The required lines are those that contain "Leather"; pull them out of the data and copy them.

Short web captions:
'''

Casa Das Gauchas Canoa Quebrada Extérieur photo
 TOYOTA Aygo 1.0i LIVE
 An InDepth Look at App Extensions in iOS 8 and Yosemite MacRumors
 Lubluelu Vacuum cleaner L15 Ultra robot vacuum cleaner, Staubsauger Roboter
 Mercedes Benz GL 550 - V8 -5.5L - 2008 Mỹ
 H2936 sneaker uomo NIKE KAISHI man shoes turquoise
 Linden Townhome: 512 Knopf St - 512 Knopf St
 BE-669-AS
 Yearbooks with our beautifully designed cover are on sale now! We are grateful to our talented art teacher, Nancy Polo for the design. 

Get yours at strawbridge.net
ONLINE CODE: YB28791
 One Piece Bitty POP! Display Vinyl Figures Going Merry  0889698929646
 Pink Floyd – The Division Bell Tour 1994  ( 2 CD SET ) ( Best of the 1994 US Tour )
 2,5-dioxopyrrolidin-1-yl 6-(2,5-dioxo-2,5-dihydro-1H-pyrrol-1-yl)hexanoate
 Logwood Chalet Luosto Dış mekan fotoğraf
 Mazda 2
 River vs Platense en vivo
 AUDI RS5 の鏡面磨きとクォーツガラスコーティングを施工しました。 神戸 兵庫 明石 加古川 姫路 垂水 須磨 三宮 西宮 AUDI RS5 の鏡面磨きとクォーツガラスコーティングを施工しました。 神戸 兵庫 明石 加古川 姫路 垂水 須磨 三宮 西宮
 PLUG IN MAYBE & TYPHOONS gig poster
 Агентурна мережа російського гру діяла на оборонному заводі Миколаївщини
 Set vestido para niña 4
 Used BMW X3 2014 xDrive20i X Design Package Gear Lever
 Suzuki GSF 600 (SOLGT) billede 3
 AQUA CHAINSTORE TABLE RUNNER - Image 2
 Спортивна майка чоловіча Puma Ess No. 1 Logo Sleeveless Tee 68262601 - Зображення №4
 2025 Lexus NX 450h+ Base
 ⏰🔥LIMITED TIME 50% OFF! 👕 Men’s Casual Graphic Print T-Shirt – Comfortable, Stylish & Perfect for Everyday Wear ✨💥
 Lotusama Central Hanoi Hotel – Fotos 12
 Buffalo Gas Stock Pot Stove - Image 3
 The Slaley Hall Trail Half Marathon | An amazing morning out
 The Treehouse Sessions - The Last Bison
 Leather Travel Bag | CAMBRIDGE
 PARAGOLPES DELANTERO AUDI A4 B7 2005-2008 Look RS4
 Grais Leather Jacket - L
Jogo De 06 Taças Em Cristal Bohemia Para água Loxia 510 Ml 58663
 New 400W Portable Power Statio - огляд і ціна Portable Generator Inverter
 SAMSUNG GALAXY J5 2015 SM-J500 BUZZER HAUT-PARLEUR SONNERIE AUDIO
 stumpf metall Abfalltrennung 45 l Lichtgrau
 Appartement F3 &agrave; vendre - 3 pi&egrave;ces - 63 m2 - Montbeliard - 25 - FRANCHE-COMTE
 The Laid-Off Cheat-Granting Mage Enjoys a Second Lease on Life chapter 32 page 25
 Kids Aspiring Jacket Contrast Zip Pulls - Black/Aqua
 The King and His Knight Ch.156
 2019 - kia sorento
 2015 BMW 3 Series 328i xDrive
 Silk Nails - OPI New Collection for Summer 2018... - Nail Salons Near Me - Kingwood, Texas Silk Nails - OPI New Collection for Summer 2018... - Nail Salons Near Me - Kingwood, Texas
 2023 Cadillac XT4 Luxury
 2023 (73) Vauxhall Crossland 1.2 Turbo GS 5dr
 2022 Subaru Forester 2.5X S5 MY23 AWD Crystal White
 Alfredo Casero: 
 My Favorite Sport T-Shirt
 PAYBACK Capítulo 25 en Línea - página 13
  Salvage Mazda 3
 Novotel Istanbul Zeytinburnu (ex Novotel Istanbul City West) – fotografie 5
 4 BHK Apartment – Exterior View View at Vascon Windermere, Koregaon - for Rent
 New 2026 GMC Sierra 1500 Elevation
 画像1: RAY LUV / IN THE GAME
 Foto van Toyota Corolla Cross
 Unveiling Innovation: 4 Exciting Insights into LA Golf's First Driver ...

'''

**Answer to this exercise:**
 Leather Travel Bag | CAMBRIDGE
 Grais Leather Jacket - L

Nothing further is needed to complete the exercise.